In Miller v. Moran (1981), 96 Ill. App.3d 596, 598, 421 N.E.2d 1046, 1049, our court refused to create a common law cause of action against a social host who wilfully and wantonly served liquor to a guest, holding the Dramshop Act was the exclusive source of liability.Summary of this case from Flory v. Weaver
Opinion filed June 3, 1981.
APPEAL from the Circuit Court of Moultrie County; the Hon. JAMES N. SHERRICK, Judge, presiding.
Johnson, Frank Frederick, of Urbana (Timothy V. Johnson, of counsel), for appellant.
Ryan, Grabb, Cini Bennett, of Mattoon (Michael D. Ryan and Kevin Kahl, of counsel), for appellees.
Plaintiff, Norma Jo Kaye Miller, was the driver of an automobile struck by the automobile driven by Joey L. Booker on June 24, 1978. Plaintiff claims that Booker was at fault, and additionally, was driving while intoxicated. Booker died as a result of the accident. He had been a social guest at a fish fry and was driving home at the time of the collision.

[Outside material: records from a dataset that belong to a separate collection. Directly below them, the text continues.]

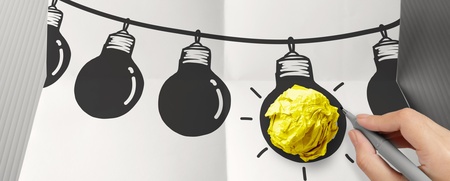 En hand ritar en glödlampa på ett papper, där en gul pappersboll används som glödlampans ljus.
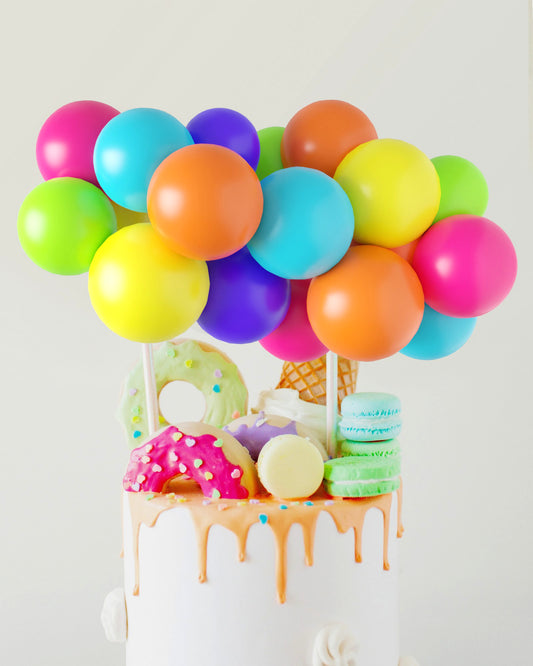 Colorful balloons in vibrant hues atop a cake adorned with playful sweets like donuts, macarons, and an ice cream cone.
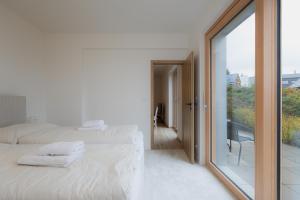 a bedroom with two beds and a sliding glass door at Môj Hillside in Dolný Kubín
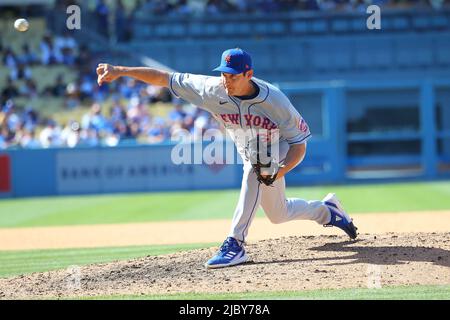 New York Mets pitcher Seth Lugo catches a ball during spring training ...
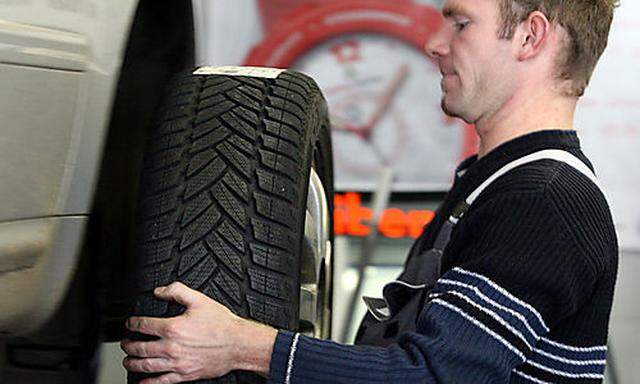 ** ARCHIV ** Ein Mechaniker wechselt die Reifen eines Autos in einer Werkstatt in Dresden am 7. Novem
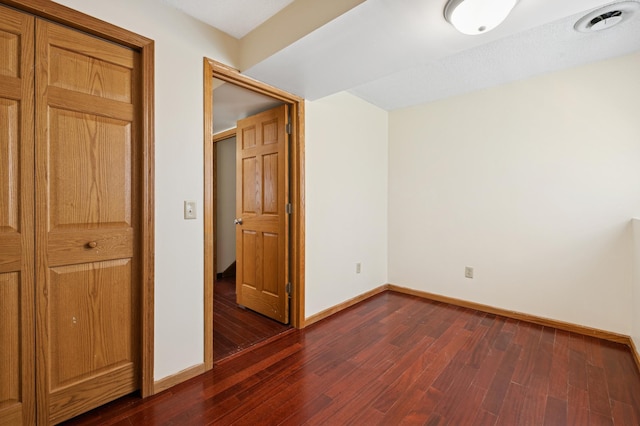 629 73rd Way N, Brooklyn Park, MN 55444 - unfurnished bedroom featuring baseboards and dark wood-type flooring
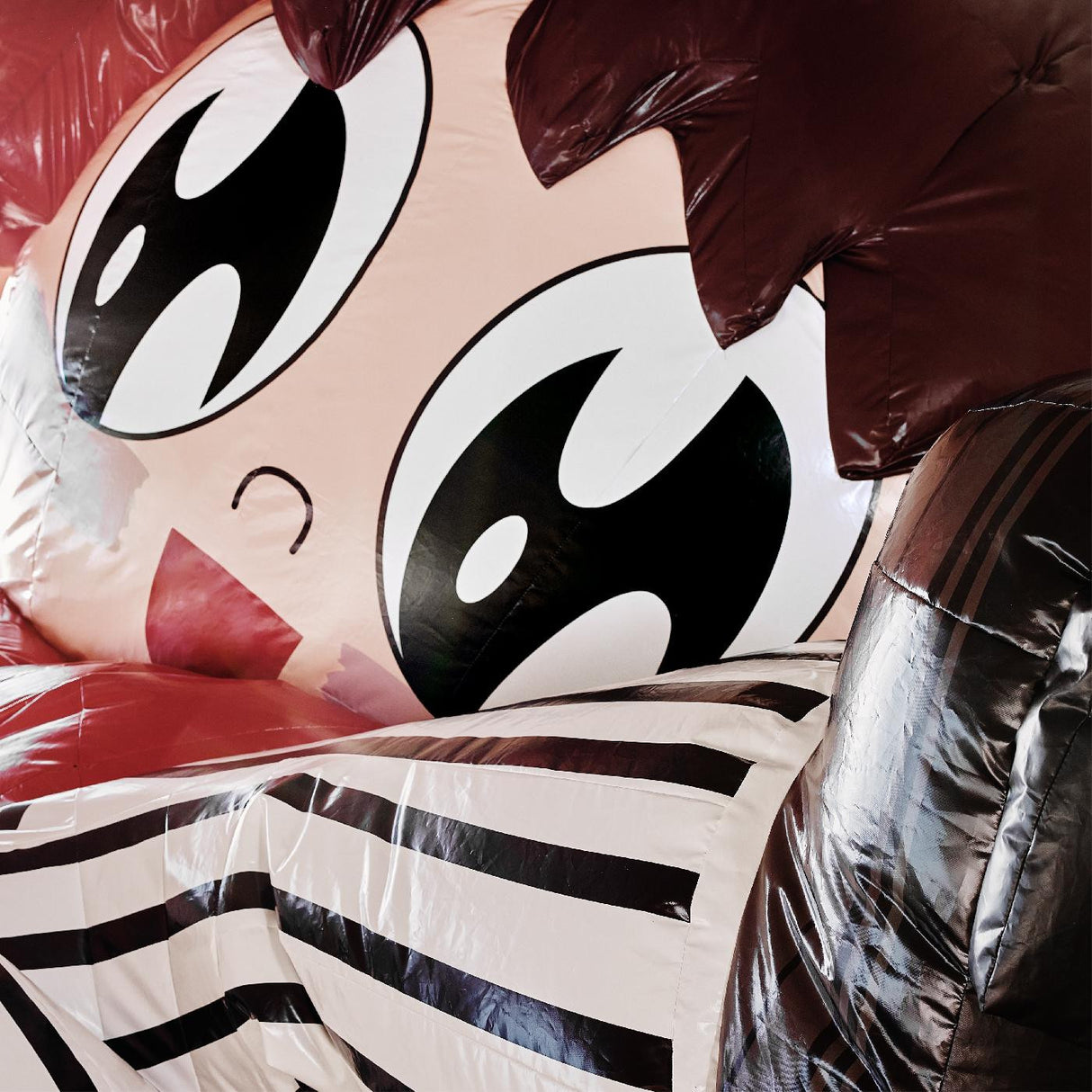 A close-up of a colorful vinyl record with a cartoonish character design, predominantly featuring eyes and hearts, in a striped background.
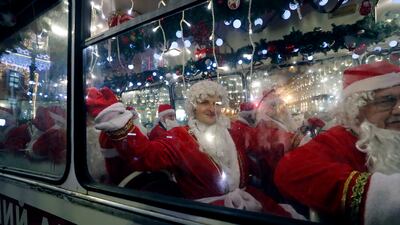 Musicians dressed as Father Frost (the Russian version of Santa Claus) take a bus along Nevsky Prospekt Avenue during festive celebrations in St Petersburg, Russia. EPA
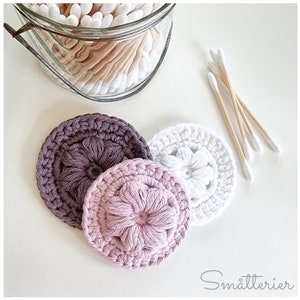 May include: Three crocheted cotton rounds in shades of purple, pink, and white. Each round has a raised flower design in the center.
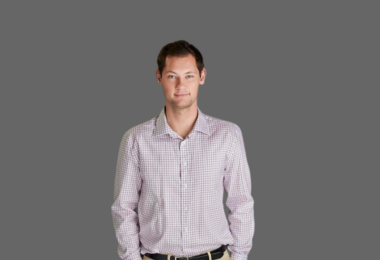 Person with very short, darker hair stands with hands in their pant pockets against a gray photo backdrop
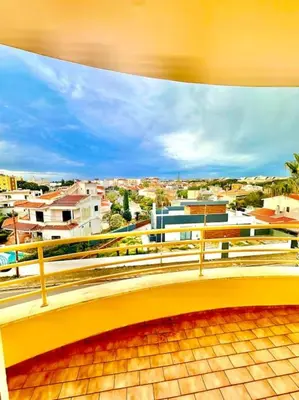 a view of a city from a balcony at Casa do Mar Faro in Faro
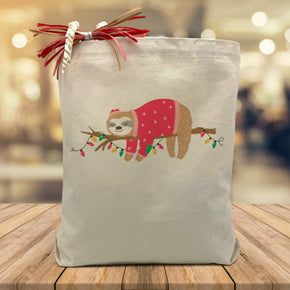 Holiday sloth printed on a canvas tote bag sitting on a table with a blurred background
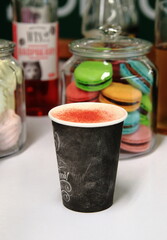 Coffee with cream and strawberries on the background of desserts, on the bar counter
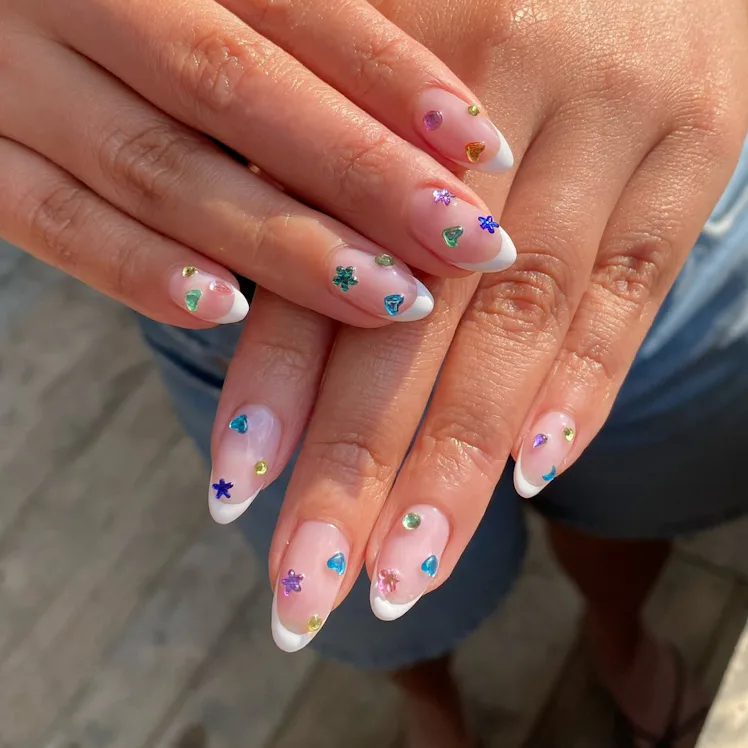 Blinged-out French tips are having a moment this summer.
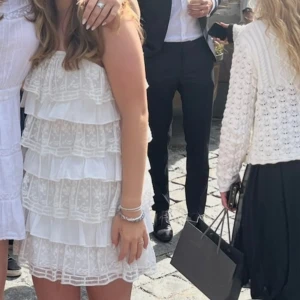 Vit volangklänning  - Supersöt vit miniklänning med tunna axelband och flera lager volanger. Andvänd en gång, nyskick.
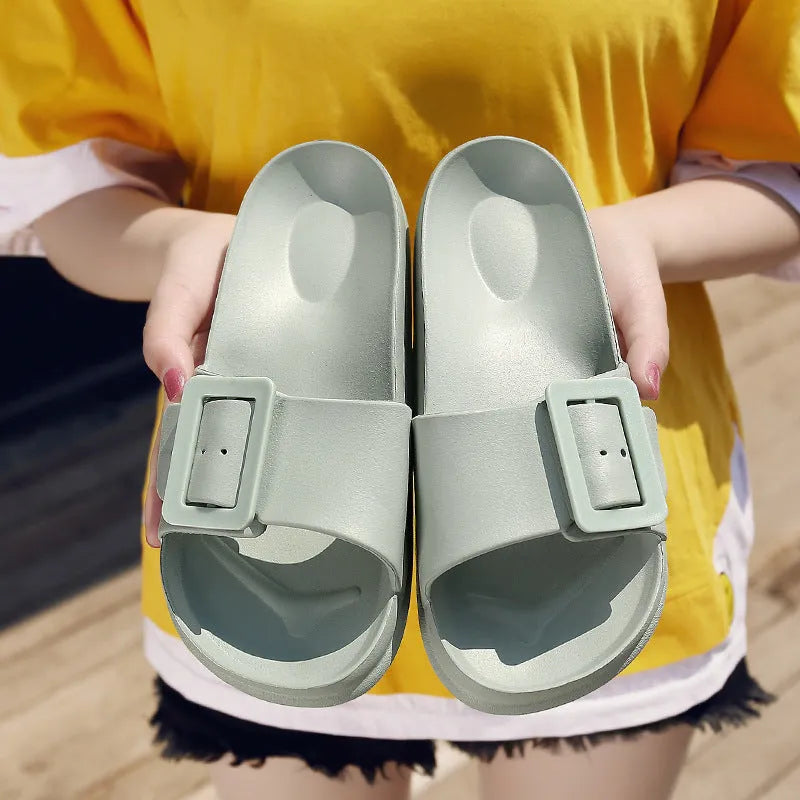 Women's grey blue buckle fastening flip-flop sandals with a soft EVA sole on a white background.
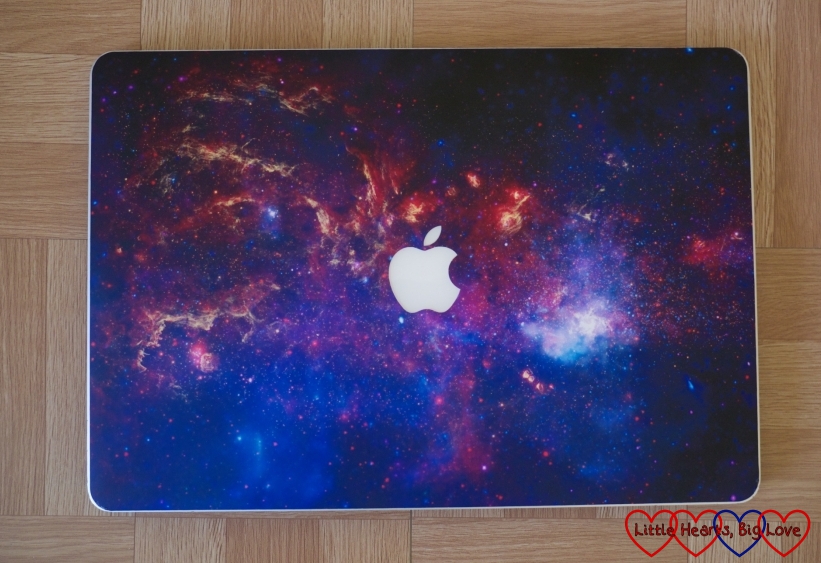 The CaseApp Crazy Galaxy skin on hubby's MacBook Pro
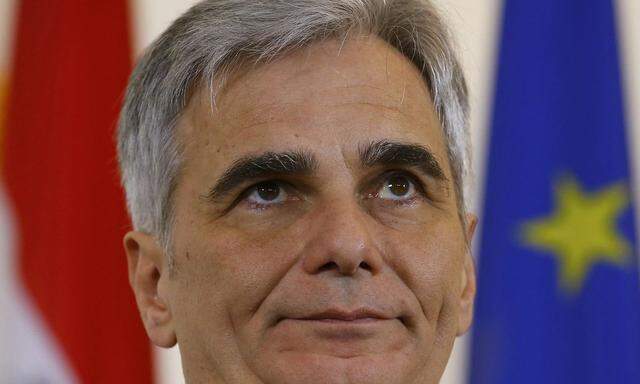 Austrian Chancellor Faymann listens during a news conference after a cabinet meeting in Vienna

Plaintiff brought suit against defendants Larry Moran, Woodrow Moran, Donald Moran, and David Bathe, the four hosts of the fish fry and owners of the property on which it was held. The complaint was dismissed by the trial court for failure to state a cause of action. The sole issue presented on appeal is whether the complaint, in any of its myriad of alternative allegations, states a cause of action under Illinois common law.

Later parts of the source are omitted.